By bne IntelliNews July 11, 2012

Bogdan Turek in Warsaw -

Poland's population is declining year by year and demographic experts say the number will dwindle from 37m to 31m by 2050 unless it creates incentives for foreigners to settle. That will be hard for a country not known for its welcoming attitude to immigrants.

"The decreasing population trend of the Polish nation cannot be resolved only by incentives to have more children," says Krystyna Iglicka, an expert on immigration problems at Warsaw's Lazarski University. "We should focus on immigrants."

Russians, Ukrainians and Belarusians, who are culturally close to Poles, would be the best bet, but existing bureaucratic barriers and lack of legal protections for foreign-born residents scare them away. This can be seen in the statistics, which show that the number of "mixed" marriages has dropped by 10% and number of children born to such couples fell by one sixth over the last two years.

Iglicka says immigrants from the east do not want to settle in Poland, primarily because of discrimination against them on the labour market. "Polish managers have usually two kinds of offers: house cleaning, or work in so-called social agencies - or brothels - despite the fact that many of the women are graduates of higher establishments and speak Polish," Iglicka says. "Poland is a difficult country for immigrants, and the stay here often turns into economic degradation."

Demographic experts warn that Poland will be short of some 5m-6m workers by 2060, for which formulating a decent immigration policy, with incentives to settle in Poland, could be a remedy. "A quick system should be introduced for recognizing foreign diplomas," says Miroslaw Biernacki, an expert in the Institute of Public Affairs. "The complicated recognition procedures of diplomas deter engineers or doctors from coming come to Poland."

Yet even ethnic brothers such as the roughly 70,000 Poles who were deported to Kazakhstan under Stalin during World War II don't appear particularly welcome in their homeland.

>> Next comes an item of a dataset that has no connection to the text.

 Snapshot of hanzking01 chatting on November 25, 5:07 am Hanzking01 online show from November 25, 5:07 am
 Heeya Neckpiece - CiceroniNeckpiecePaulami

The Polish statistical office GUS says that only 5,200 have resettled to Poland in the last 10 years. Svetlana Kot, who married a Pole and got Polish citizenship, says her mother is still stuck in Kazakhstan. "She knows how difficult it is to prove that that she has Polish roots, so she decided to stay for the next five years to reach retirement age and get a pension in Kazakhstan," she says. "Then, after coming back to Poland, she will not be a financial burden for her family."

The media recently highlighted the case of Olech Zych, a 50-year-old monk of Polish descent who was born in Ukraine and whose mother was Polish and father Ukrainian. The authorities rejected his application to get Polish citizenship because the birth certificate of his mother did not specify her nationality, although she had another official document issued by Ukrainian authorities saying she was Polish. The monk had to leave Poland to avoid deportation. "There is little time left to change Polish immigration policy," Biernacki says. "Foreigners are simply discouraged from settling in Poland."

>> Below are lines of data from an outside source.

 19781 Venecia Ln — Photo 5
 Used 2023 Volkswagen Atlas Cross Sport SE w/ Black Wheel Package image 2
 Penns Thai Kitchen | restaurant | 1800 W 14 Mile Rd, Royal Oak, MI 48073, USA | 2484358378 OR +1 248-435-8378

The number of naturalization documents issued since 2005 is low. Only 6,937 people, chiefly Ukrainians and Belarusians, got Polish citizenship from 2005 to 2009. In 2010, 2,019 naturalization documents were issued and in 2011, a total of 2,375.

Back home

Still, there are some encouraging signs. In 2011, John Abraham Godson, a Nigerian who has lived in Poland for almost half his life and is a Polish citizen, become the first black man to become a member of parliament in Poland. Godson's success has been hailed as a landmark in a country where there are just 4,000 black people.

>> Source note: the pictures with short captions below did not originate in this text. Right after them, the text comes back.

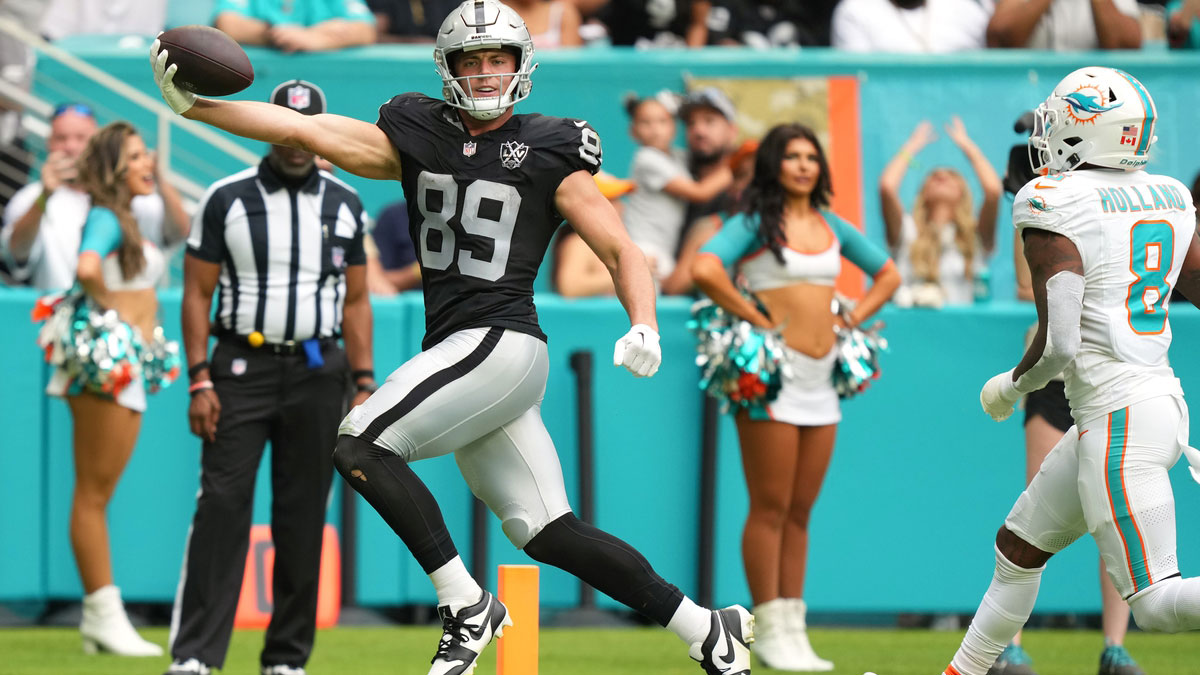 Las Vegas Raiders tight end Brock Bowers (89) scores a touchdown past Miami Dolphins safety Jevon Holland (8) in the third quarter at Hard Rock Stadium.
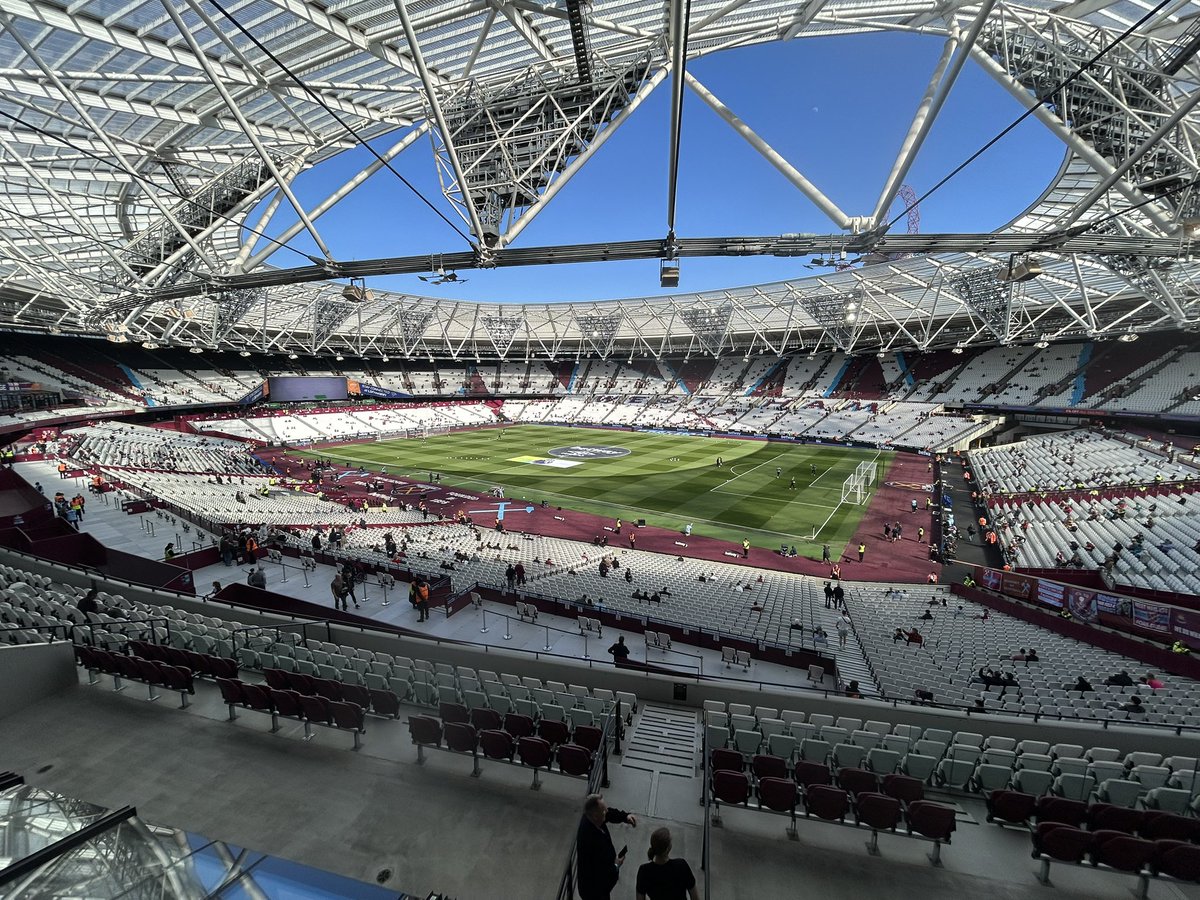Craig Batty (@craig_batty) on Twitter photo Was a neutral <a href="/WestHam/">West Ham United</a> today. Felt odd to be treated like an actual human being at a football ground - sensible checks on entry; get through security: free to buy reasonably priced beer and walk around the stadium; loads of helpful staff. It’ll never catch on at OT😂 Was a neutral <a href="/WestHam/">West Ham United</a> today. Felt odd to be treated like an actual human being at a football ground - sensible checks on entry; get through security: free to buy reasonably priced beer and walk around the stadium; loads of helpful staff. It’ll never catch on at OT😂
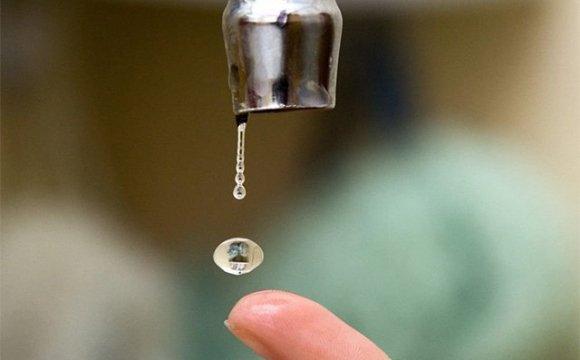 На одній з вулиць Сіверськодонецька вже майже тиждень немає води На одній з вулиць Сіверськодонецька вже майже тиждень немає води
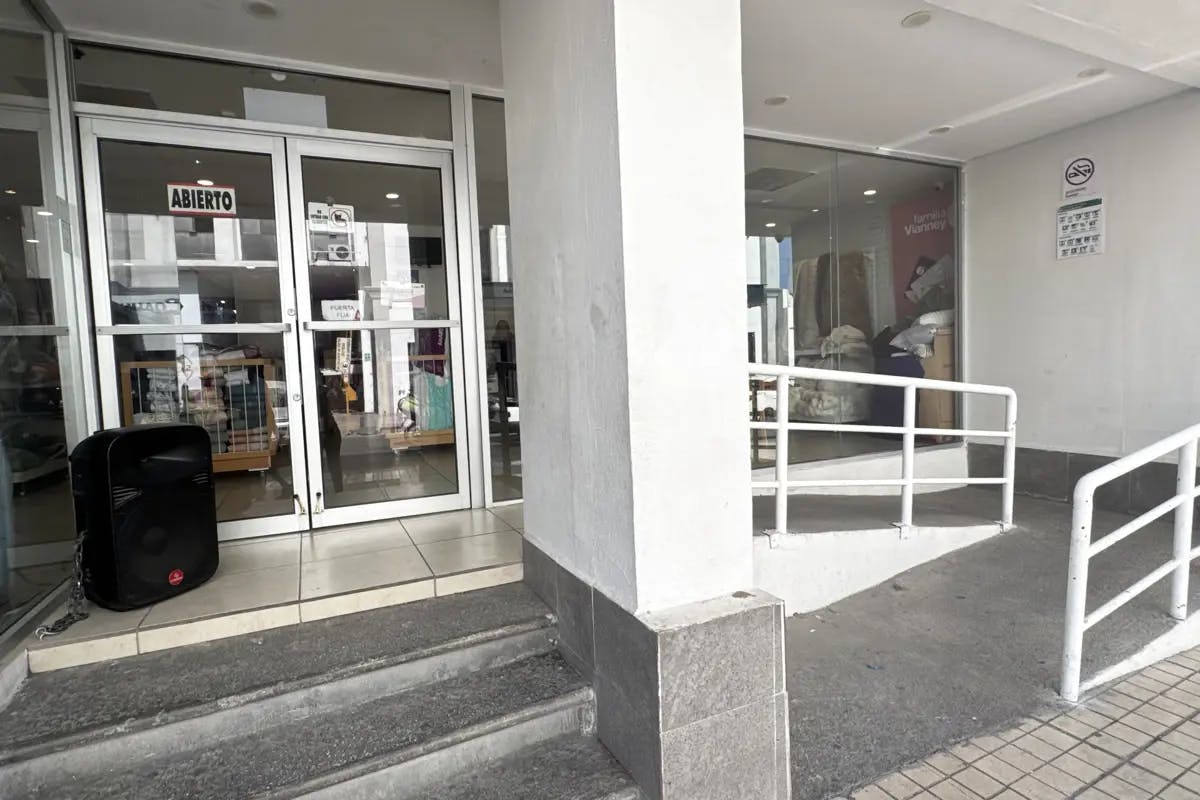 Local Comercial Spot2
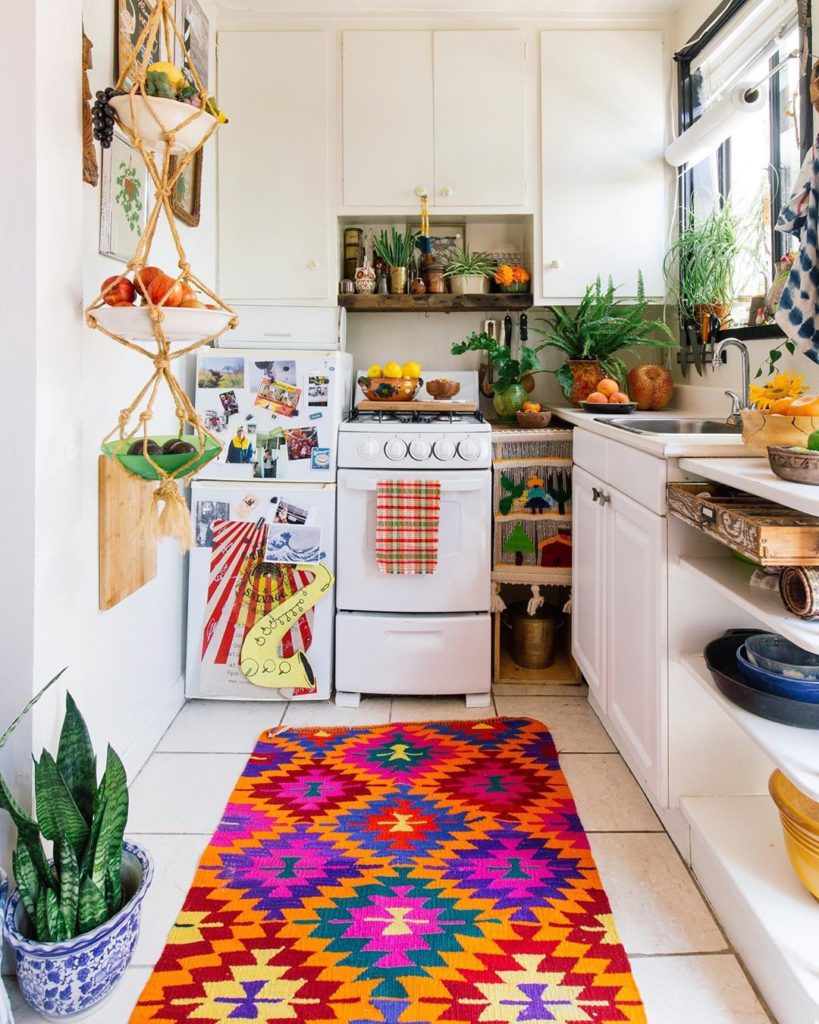 When your kitchen is so cute it almost looks like a playhouse! Also, we love a b...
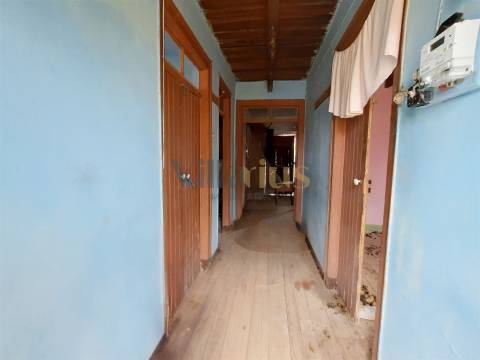 Moradia para reabilitar com 132 m2 de área bruta de construção.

The huge outflow of people from Poland when it joined the EU has also abated and even reversed as the economic crisis in Western Europe deepens.

GUS, the statistical office, estimates that over 1.7m Poles left Poland in the six years after Poland joined the EU in 2004, most to the UK and Ireland. Angel Gurria, OECD Secretary-General, said in June that her organisation has noted significant re-flows of migrants back into Poland from places hard hit by the crisis. Once a magnet for migrant workers particularly Poles, Ireland has witnessed a dramatic reversal in migration trends, with around 34,000 people emigrating in 2010 as well as in 2011 - equal to 1% of its national population.

One new trend among Poles is not to emigrate far away from home, but only to settle across the Polish-German border. There are about 460,000 Poles living in Germany now. The German Institute of Public Affairs says that some 4,500 Polish families bought houses or apartments in the Maklemburg region near the Polish city of Szczecin. "The number of settlers doubled in the last seven years and is growing," it notes.